Bail will be tougher to get for those accused of the worst crimes under proposed changes announced by Justice Minister Simon Power today.
A bill to be introduced to parliament next year would reverse the burden of proof for bail to be granted. Currently the prosecution has to prove that an accused is a risk to public safety to have bail denied, but under the new law, the defence team would have to prove the accused is not a risk to public safety or interfering with witnesses or evidence that would affect their trial.
The reversal would apply to those accused of murder or a serious class A drug offence.
It would also apply to number of violent and sexual offences, including the charges of sexual conduct with a young person under 16, kidnapping, aggravated burglary, and assault with intent to rob.
This focuses on defendants with the highest risk of committing serious offences while on bail, rather than those with the highest rates of offending on bail, which may include non-serious or trivial offences.
The changes were canvassed in a public consultation document released on March 15 this year which provided a series of preliminary proposals for the public to make submissions on. The public had two months to submit on the document and 49 submissions were received.
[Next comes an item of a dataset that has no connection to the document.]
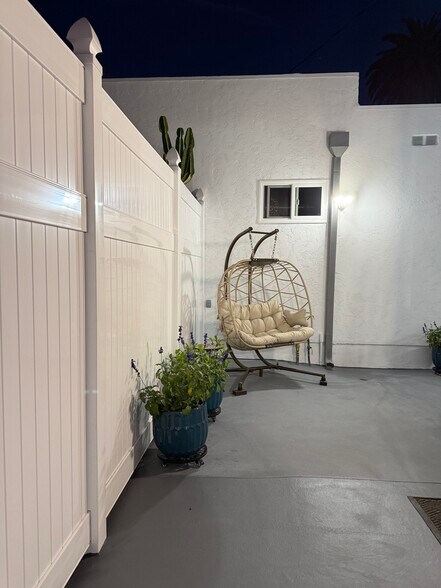 Building Photo - 271 Termino Ave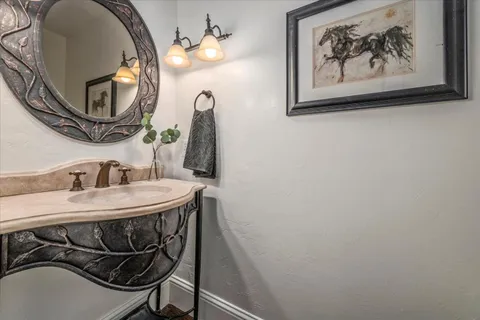 $4,488,000 | 21700 Vía Regina, Saratoga, CA 95070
"These changes are designed to achieve the right balance between public safety and a defendant's right to be considered innocent until proven guilty, and to not be arbitrarily detained," Mr Power said.
Other proposals include:
* To confirm current practice, making it clear in legislation that bail will not be granted in return for information. Public safety and a fair trial must be the primary concern when deciding whether to grant bail. Bail should not be used as a bargaining chip in return for information from the criminal underworld.
* Increasing the penalty for failure to answer Police bail so that the offence is punishable by up to three months' imprisonment, in addition to the existing penalty of a fine of up to $1000.
* Reducing the number of situations where a defendant is "bailable as of right" because some of these offences can cause serious harm to others (e.g. abandoning children, injury by an unlawful act, and failing to provide the necessaries of life).
* Putting the electronically monitored bail regime into legislation to ensure it is administered consistently and effectively.
Strengthening bail for young defendants:
* Making defendants aged 17 to 19 years old who have previously served a prison sentence subject to the standard (adult) tests for bail, rather than the strong presumption in favour of bail that currently applies (a court may remand a defendant of this age in custody only if it is satisfied there is no other course of action acceptable in the circumstances, or if the reverse burden of proof applies). Between 2004/09 more than half of young defendants in this category offended while on bail.
* Enabling the court to detain defendants under 17 years of age who significantly or repetitively breach bail conditions. Currently, unless it is a particularly serious breach of bail conditions there is little police can do to immediately act on a breach.
* Enabling police to uplift young defendants found in breach of court-imposed curfews, and return them home or to a place where they will comply with the curfew.
"New Zealanders have a right to feel safe in their homes and their communities and these changes reinforce that," Mr Power said.
He said the changes will result in some increase in fiscal costs for the justice sector, such as additional costs for legal aid, and costs resulting from more defendants spending time in prison pending trial. It is estimated the extra cost could be up to $4.5 million per year with the funding coming from existing baselines.